With respect to database tuning, the most effective approach is to address the SQL statements directly. The best performance gains can normally be achieved by first determining which particular SQL statements are consuming the most system resources, and then determining strategies to reduce such system resource consumption. In a commercial environment, the database servers execute a large number, e.g. thousands, of SQL queries in parallel, and hence estimating or even logging resource consumption, e.g. system resource consumptions, for individual SQL queries is particularly complex and difficult.
Most commercially available RDBMSs provide various types of monitoring techniques for resource consumption. For example the IBM DB2™ database provides a snapshot monitor and event monitors to log the resource consumption of SQL queries. The snapshot monitor is used for low granularity resource consumption monitoring and the event monitor is used for high granularity resource consumption monitoring. However, a disadvantage with the use of high granularity resource monitoring techniques like the event monitor results in large overheads on the database severs thereby deteriorating the overall system performance.
Accordingly, there exists a need to alleviate one or more of the above mentioned disadvantages, provided for with a mechanism and/or processes for estimating the per query resource consumption to reduce the overhead of performing the estimation and/or logging of the individual queries whilst estimating the actual run time with a relatively high accuracy, thereby performing admission controls based on the actual run time estimates in either absolute or percentage values.
According to a first aspect of the invention thereof is disclosed a method for estimation of the per query resource consumption from low granularity resource consumption data. An estimate of time required for execution of an SQL query in different system resources for example processor time, random access memory requirements, and also percentage resource consumption by the SQL query is provided to a user. On the basis of the estimate, a user may be able to define quotas based on an actual percentage of resource consumption or absolute value of resource consumption instead of timeron units. An advantage of the actual resource consumption estimate over that of timeron-based units is that, providing percentage resource consumption for a query renders a possibility to estimate resource usage and quotas for a particular user. A further advantage of the percentage resource consumption estimate of for the mechanisms/methods in accordance with this invention may be readily applied to resource allocation for a particular user or operational process than a timeron unit. Further, timeron estimates often do not match with actual run time resource consumption and therefore resource allocation based on run time estimates rather than timeron estimates is a rather significant advantage.

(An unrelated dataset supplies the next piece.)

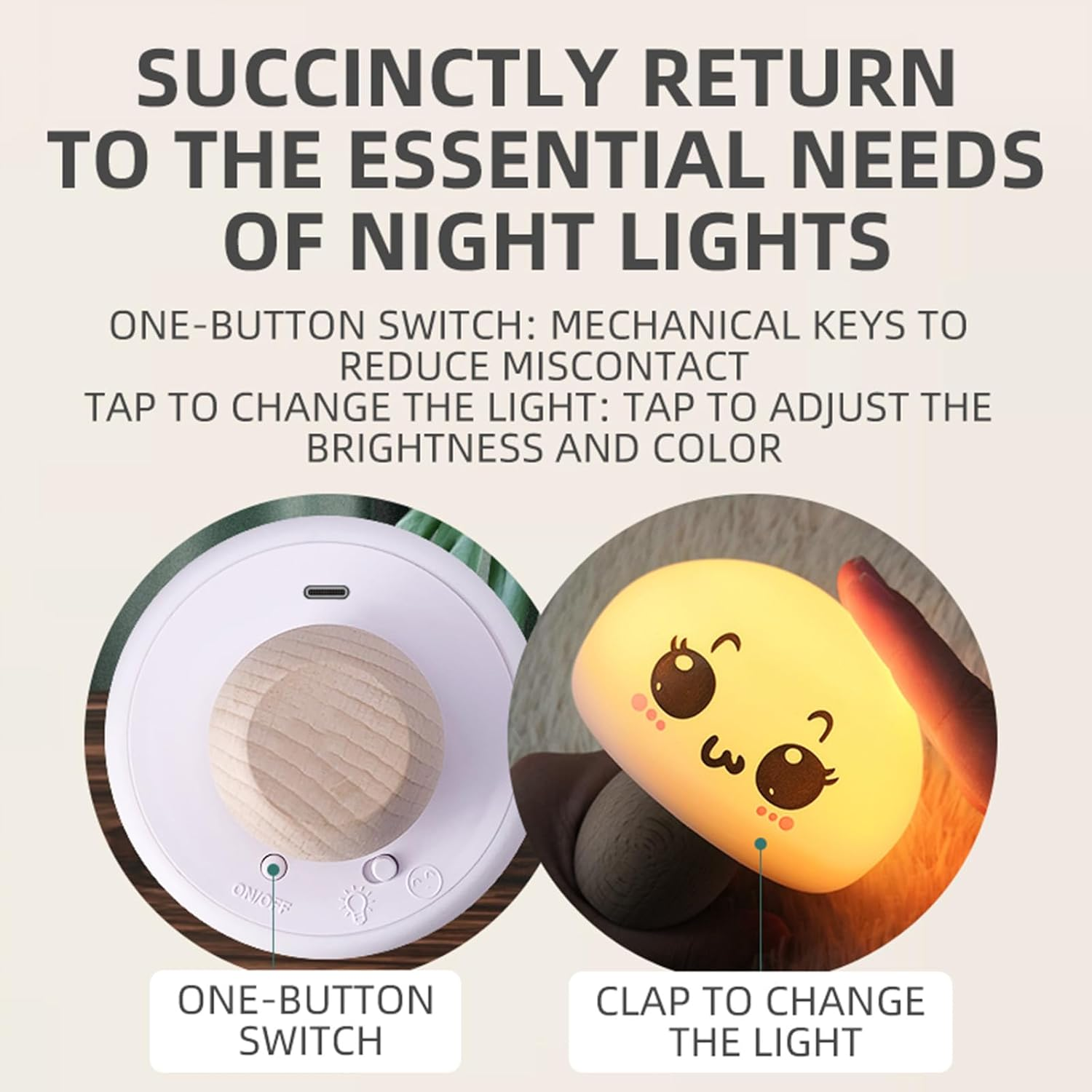 Pat Dimmable Night Light, Log Mushroom Lamp with 2 Modes and 7 Lighting Effects, RGB Breathing Table Lamp, USB Rechargeable Atmosphere Light Suitable for Children'S Room, Bedroom, Bedside Table, Etc. image number 2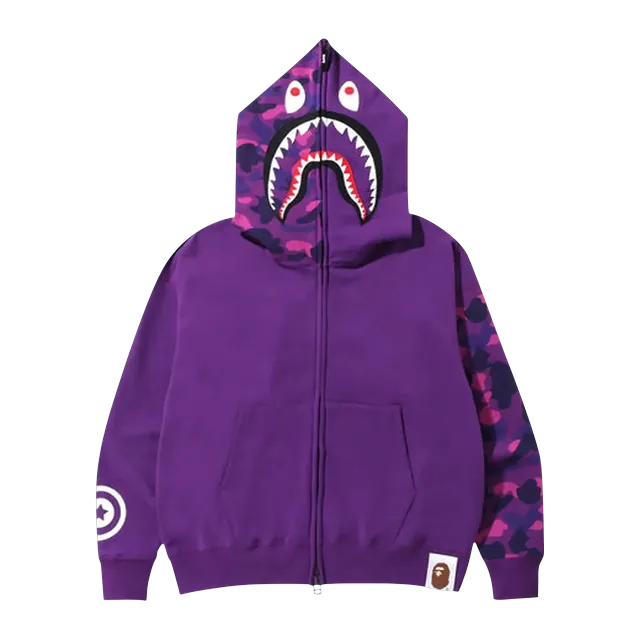 BAPE Color Camo Giant Shark Loose Fit Full Zip Hoodie Purple — Authentic Hoodies & Sweats at CLZTURE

The aggregate resource consumption of a group of queries (in a given execution interval) is subdivided into resource consumption of each individual query. To achieve this, the resource requirements of SQL queries are expressed in relative forms with respect to a representative query, and using that representative query, the aggregate consumption of a group of queries in certain execution interval is subdivided. It is not necessary to directly measure resource consumption/requirement of individual queries, but they are obtained subdividing the aggregate consumption. Since measuring resource consumption for an execution interval in terms of physical values (10 sec CPU) or percentage values(50% of CPU) consumes less time, the method in accordance with this invention advantageously subdivides and provides them at individual query level. The terms “resource consumption” and “resource requirement” refer to the amount of resource that will be engaged or is engaged in query execution. The terms “fine granularity” and “high granularity” refer to enhanced subdivided (per resource, per disk, per query) information.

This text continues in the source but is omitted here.